There is little glamour in riding coach overnight.
I am on Amtrak, going to St Louis MO to visit a grad school friend, and then heading to Kansas for a conference for Cornell. I have never ridden more than a commuter train in my own country before, and traveling a distance by train was on my bucket list.
I boarded in Rochester last night at 11:40pm, glazed and tired and a little surreal, climbing steps into the silver coach. I walked the dark hallway and found a seat next to someone non-threatening who wasn't snoring.
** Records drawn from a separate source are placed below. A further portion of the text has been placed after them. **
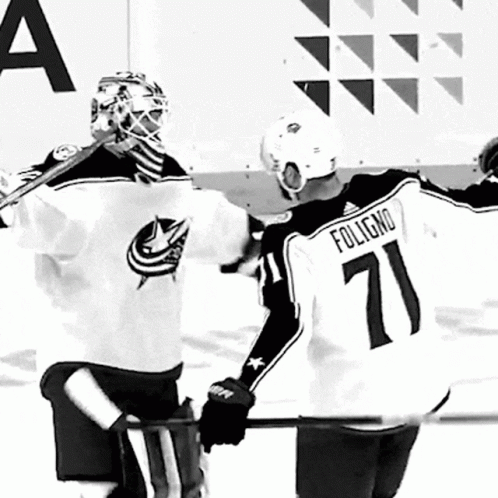 Hockey Player Wearing CCM Helmet GIF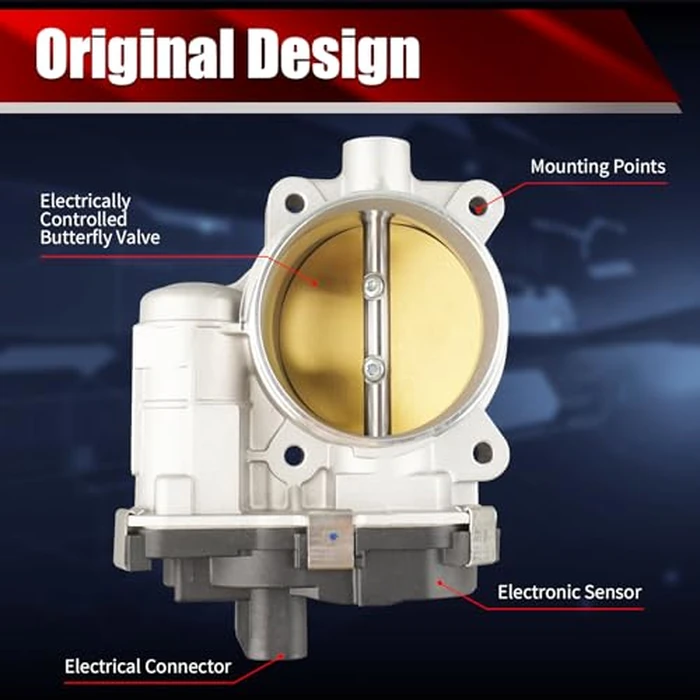 MACAX Electronic Throttle Body Assembly S20050 Compatible with Chevrolet Express Silverado 1500 Malibu GMC Savana Sierra 1500 Pontiac G6 G8 Saturn Aura 3.6L 4.3L V6 Replaces 12615503 TB1021 977-313 by MACAX - Image 2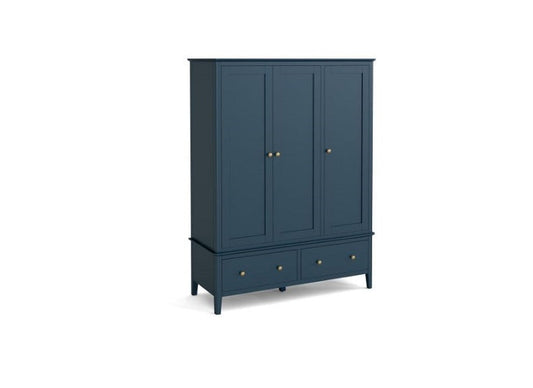 Spacious Harrowgate Blue Triple Wardrobe For Stylish Storage (Pre-Order Only)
I'd bought a blanket-by-the-pound blanket, cheap, from the new goodwill surplus store, planning to leave it after the night, and snuggled in knowing it would be the only night we'd have together.
It feels a bit like camping, perhaps, in the acceptance-of-grime way, but with a scenic movement view and many more people. My sandals went stick stack stuck as I approached the tiny toilet in the bathroom. My yoga muscles asserted themselves and I stayed balanced as the bathroom swayed around me. I imagined some man before me in this tiny space, weaving and large, who probably had no yoga muscles, judging by the state of the toilet seat.
But upon returning to my seat I learned we were in Indiana and I looked out the window and noticed the roadside weeds were different. The delight of travel!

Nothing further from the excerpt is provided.